DATA SUPPLIED START
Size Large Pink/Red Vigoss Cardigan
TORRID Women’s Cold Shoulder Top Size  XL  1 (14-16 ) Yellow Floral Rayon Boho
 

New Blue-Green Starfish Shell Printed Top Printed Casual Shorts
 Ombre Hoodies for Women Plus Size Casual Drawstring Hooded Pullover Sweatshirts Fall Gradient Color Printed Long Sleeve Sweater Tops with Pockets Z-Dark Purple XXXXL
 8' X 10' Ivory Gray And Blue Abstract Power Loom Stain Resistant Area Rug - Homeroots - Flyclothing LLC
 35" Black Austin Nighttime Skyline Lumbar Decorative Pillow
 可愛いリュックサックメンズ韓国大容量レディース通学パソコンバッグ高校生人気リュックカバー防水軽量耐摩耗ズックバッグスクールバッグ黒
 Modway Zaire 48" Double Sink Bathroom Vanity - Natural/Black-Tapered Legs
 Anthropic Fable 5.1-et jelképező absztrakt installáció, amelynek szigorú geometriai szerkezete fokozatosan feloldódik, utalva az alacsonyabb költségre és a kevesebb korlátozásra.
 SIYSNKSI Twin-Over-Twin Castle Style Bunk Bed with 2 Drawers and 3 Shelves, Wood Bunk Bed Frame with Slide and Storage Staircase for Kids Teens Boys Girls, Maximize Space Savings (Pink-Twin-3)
DATA SUPPLIED END
YOUR TASK: All of the data above needs to be transcribed verbatim.

FINISHED EXERCISE:
Size Large Pink/Red Vigoss Cardigan
TORRID Women’s Cold Shoulder Top Size  XL  1 (14-16 ) Yellow Floral Rayon Boho
 

New Blue-Green Starfish Shell Printed Top Printed Casual Shorts
 Ombre Hoodies for Women Plus Size Casual Drawstring Hooded Pullover Sweatshirts Fall Gradient Color Printed Long Sleeve Sweater Tops with Pockets Z-Dark Purple XXXXL
 8' X 10' Ivory Gray And Blue Abstract Power Loom Stain Resistant Area Rug - Homeroots - Flyclothing LLC
 35" Black Austin Nighttime Skyline Lumbar Decorative Pillow
 可愛いリュックサックメンズ韓国大容量レディース通学パソコンバッグ高校生人気リュックカバー防水軽量耐摩耗ズックバッグスクールバッグ黒
 Modway Zaire 48" Double Sink Bathroom Vanity - Natural/Black-Tapered Legs
 Anthropic Fable 5.1-et jelképező absztrakt installáció, amelynek szigorú geometriai szerkezete fokozatosan feloldódik, utalva az alacsonyabb költségre és a kevesebb korlátozásra.
 SIYSNKSI Twin-Over-Twin Castle Style Bunk Bed with 2 Drawers and 3 Shelves, Wood Bunk Bed Frame with Slide and Storage Staircase for Kids Teens Boys Girls, Maximize Space Savings (Pink-Twin-3)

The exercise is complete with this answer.